|By Charlie Goodrich||Tuesday, 14 Apr 2009|
The Resident Evil series has experienced a metamorphosis. This change has been gradual over the past thirteen years and has culminated with the Resident Evil franchise becoming an action series. Resident Evil 5 is the final nail in the survival horror coffin. Gone is the creepy atmosphere, moments of suspense, worries concerning ammo and ink ribbons, and the non-linear game play (there was only a little of this to begin with but at least it was there). Instead you have a gaming series that focuses on intense action and gunning down as many baddies as possible. Like Resident Evil 4, this is an incredibly fun game to play, but the changes Capcom has introduced and the direction of the storyline make for a slightly above average game. The plot of Resident Evil 5 is nothing special or interesting. Chris Redfield returns as the main protagonist. Chris is part of the B.S.A.A. (Bioterrorism Security Assessment Alliance) which has assigned him to Africa. Chris is to follow up on a lead that could unearth more information regarding any viruses or biological weapons. Mr. Redfield won’t be flying solo for this mission though. He partners up with another B.S.A.A. agent, Sheva Alomar. Together they must track down an informant and discover as many clues as they can. The mission quickly goes sour, however, when the inhabitants of the small town they are investigating start to attack them. They soon learn that there is more to their assignment then they first realized, and that Chris’ arch nemesis, Albert Wesker, is up to his old tricks. The story is better than that of Resident Evil 4 (which could have passed for a cheesy 80′s flick), but it is still considerably weaker when compared to Resident Evil 1 or 2. They do manage to tie up some previously unanswered questions
but new questions are brought to the forefront at the end of the game. There is a plot twist about halfway through the game but it is obvious and anti-climatic.
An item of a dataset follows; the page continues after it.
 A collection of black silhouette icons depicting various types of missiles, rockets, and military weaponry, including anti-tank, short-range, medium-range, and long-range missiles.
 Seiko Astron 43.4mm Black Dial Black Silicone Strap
The biggest addition to this series is the introduction of multiplayer. Either through split screen or online, a second player can control Sheva. This makes for a great gaming experience. Having a friend help kill enemies and explore with really adds to the replay value of this game as well as the level of fun you’ll have playing. The AI that naturally controls Sheva can be frustrating to deal with, and there are certain parts of the game that benefit from having a second human player. The AI can be set to either attack or cover mode. Attack mode will cause Sheva to equip a powerful weapon and shoot at whatever she can. Cover mode enables her to stay back and let you do most of the dirty work. For the most part I had little problems with the AI. There were instances where she wouldn’t kill something right in front of us or she would run off and get killed. She also doesn’t corner too well. She will stop and pivot to turn. Luckily, most of the time she acted how I wanted her to and her accuracy is exceptional. Either way this is a fun game, but another human player is definitely the way to go if you have the option.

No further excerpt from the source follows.